The only two methods that will not work in this context are hamming and jaccard.

Distances are inverted to a similarity metric, which is log-transformed by default (see transform parameter, below). Edges are included if they are at or above the ``percentile``th percentile.

Parameters:

model : LDAModel or DTMModel

distance() uses model.item and model.metadata.

method : str

Name of a distance method from scipy.spatial.distance. See analyze.features.distance() for a list of distance statistics. hamming or jaccard will raise a RuntimeError. analyze.features.kl_divergence() is also available as ‘kl_divergence’.

percentile : int

(default: 90) Edges are included if they are at or above the percentile for all distances in the model.

bidirectional : bool

(default: False) If True, method is calculated twice for each pair of Papers ( (i,j) and (j,i) ), and the mean is used.

normalize : bool

(default: True) If True, vectors over topics are normalized so that they sum to 1.0 for each Paper.

smooth : bool

(default: False) If True, vectors over topics are smoothed according to Bigi 2003. This may be useful if vectors over topics are very sparse.

transform : str

(default: ‘log’) Transformation to apply to similarity values before building the graph. So far only ‘log’ and None are supported.

Returns:

networkx.Graph

Similarity values are included as edge weights. Node attributes are set using the fields in model.metadata. See networkx.Graph.__init__()

Examples

>>> from tethne.networks import topics
>>> thegraph = topics.distance(myLDAModel, 'cosine')

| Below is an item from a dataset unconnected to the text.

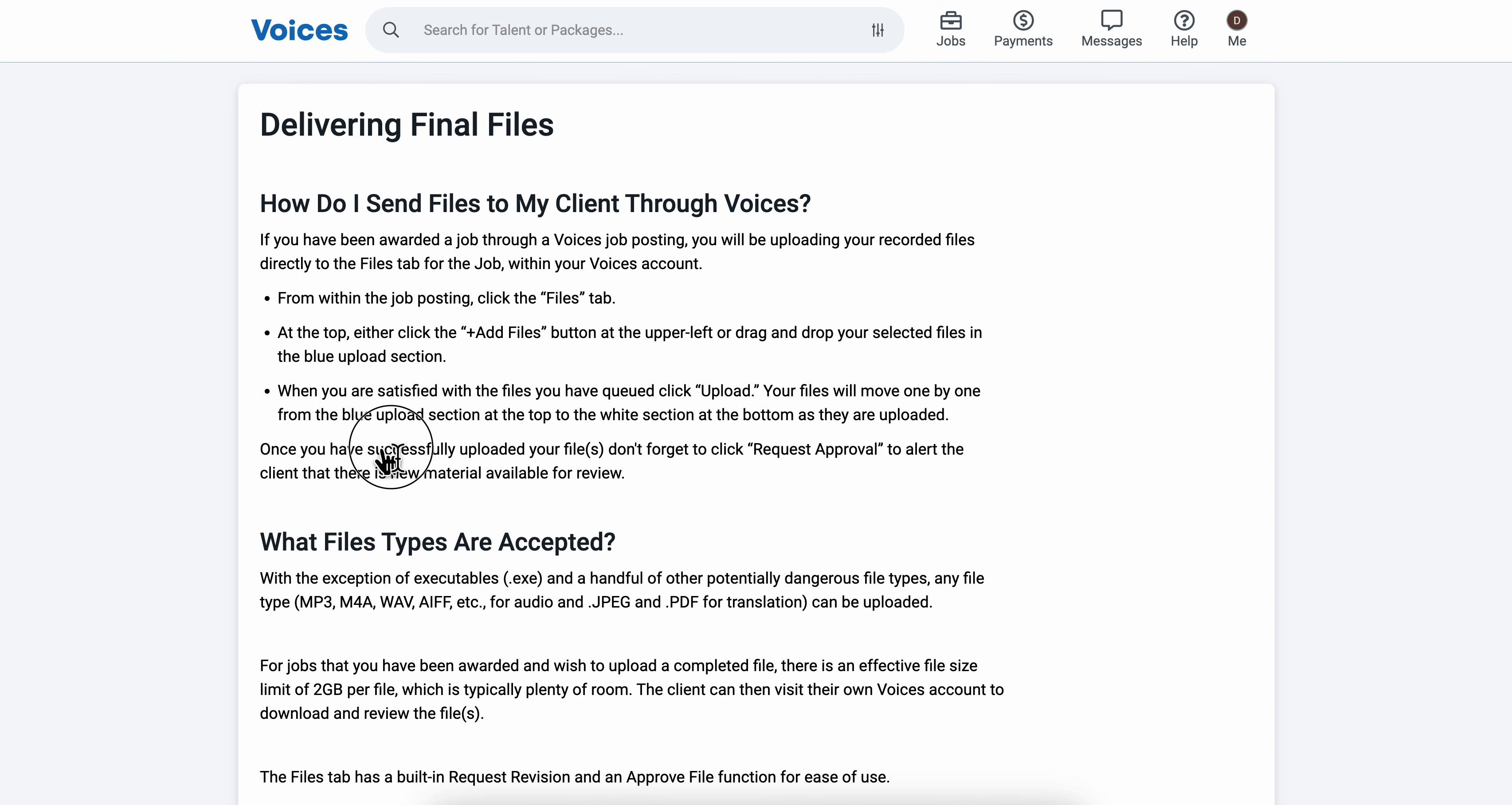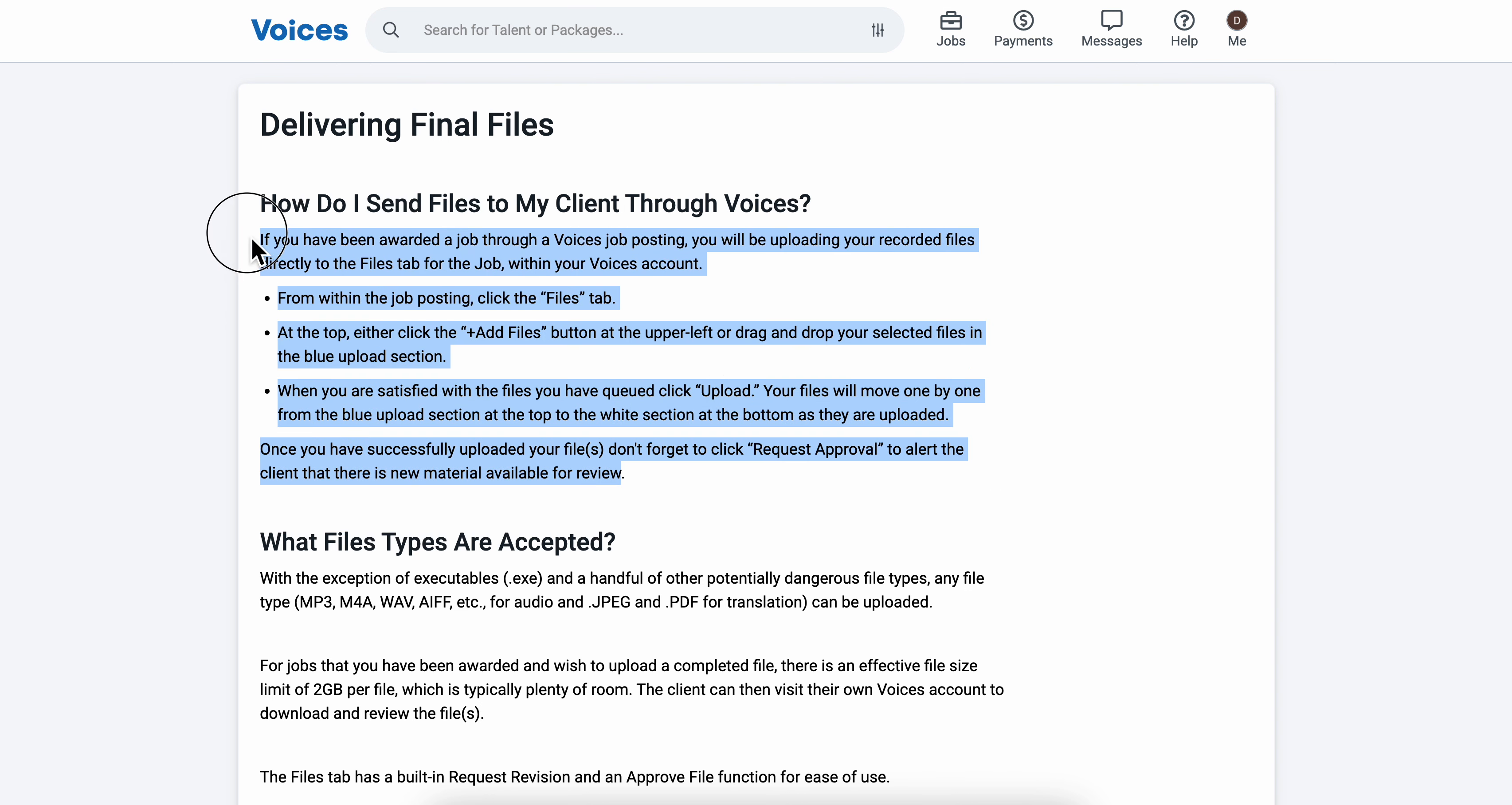Once you have successfully uploaded your files, don't forget to click request approval to alert the client that there is new material available for review.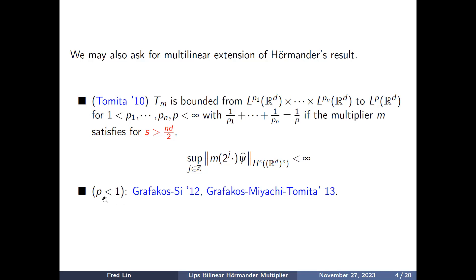In subsequent years, Grafakos–Si, Grafakos–Miyachi, and Tomita generalized these results into some non-Banach region. These are the well-known foundational results in multilinear Fourier multipliers.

>>> import tethne.writers as wr
>>> wr.to_graphml(thegraph, '~./thegraph.graphml')
_images/lda_cosine_network.png

Edge weight and opacity indicate similarity. Node color indicates the journal in which each Paper was published. In this graph, papers published in the same journal tend to cluster together.

tethne.networks.topics.terms(model, threshold=0.01, **kwargs)[source]

Two terms are coupled if the posterior probability for both terms is greather than threshold for the same topic.

Parameters:

model : LDAModel

threshold : float

Default: 0.01

kwargs : kwargs

Passed on to cooccurrence().

Returns:

networkx.Graph

tethne.networks.topics.topic_coupling(model, threshold=None, **kwargs)[source]

Two papers are coupled if they both contain a shared topic above a threshold.

Parameters:

model : LDAModel

threshold : float

Default: 3./model.Z

kwargs : kwargs

Passed on to coupling().

Returns:

networkx.Graph

Module contents

Methods for building networks from bibliographic data.

Each network relies on certain meta data in the Paper associated with each document. Often we wish to construct a network with nodes representing these documents and edges representing relationships between those documents, but this is not always the case.

Where it is the case, it is recommended but not required that nodes are represented by an identifier from {ayjid, wosid, pmid, doi}. Each has certain benefits. If the documents to be networked come from a single database source such as the Web of Science, wosid is most appropriate. If not, using doi will result in a more accurate, but also more sparse network; while ayjid will result in a less accurate, but more complete network.

Any type of meta data from the Paper may be used as an identifier, however.

We use “head” and “tail” nomenclature to refer to the members of a directed edge (x,y), x -> y, xy, etc. by calling x the “tail” and y the “head”.

Modules

authors Methods for generating networks in which authors are vertices.
features Methods for building networks from terms in bibliographic records.
papers Methods for generating networks in which papers are vertices.
topics Build networks from topics in a topic model.